→ **RECORDS SUPPLIED**:

.....

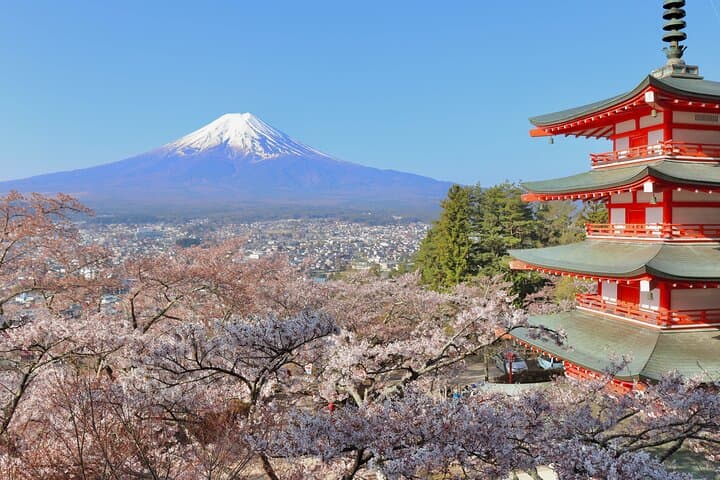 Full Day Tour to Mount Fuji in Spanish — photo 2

.....

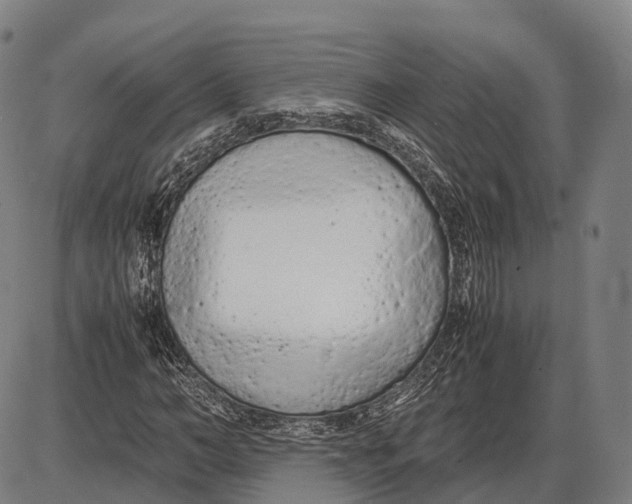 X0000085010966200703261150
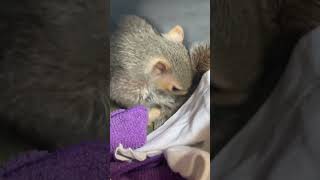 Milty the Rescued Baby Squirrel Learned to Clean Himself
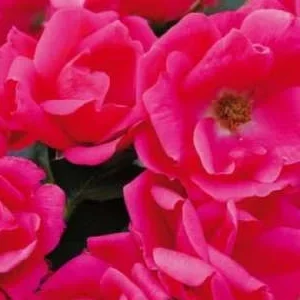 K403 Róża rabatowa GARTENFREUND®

.....

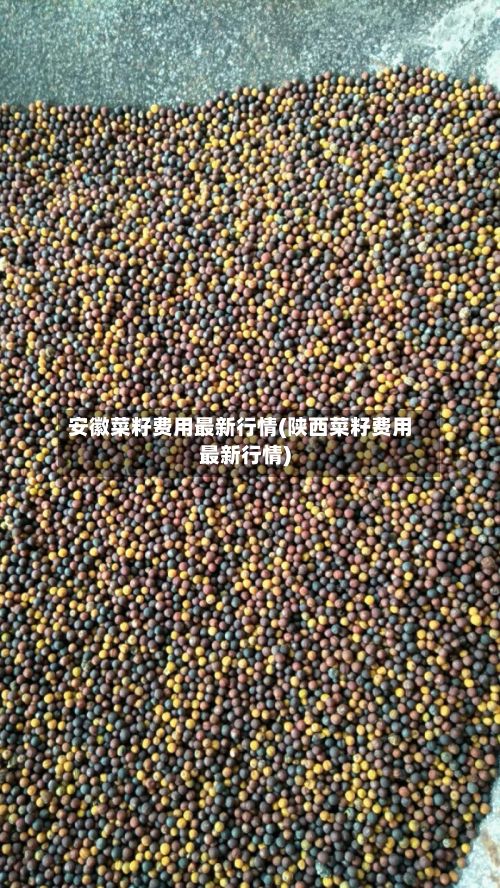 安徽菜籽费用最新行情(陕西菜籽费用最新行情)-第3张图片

.....

→ **YOUR INSTRUCTIONS**:
Every line above in the stretch from the one with "X0000085010966200703261150" through the one with "K403 Róża rabatowa GARTENFREUND®" is to be transcribed exactly, ends included. No picture is copied.

→ **ANSWER TO THE PROBLEM**:
 X0000085010966200703261150
 Milty the Rescued Baby Squirrel Learned to Clean Himself
 K403 Róża rabatowa GARTENFREUND®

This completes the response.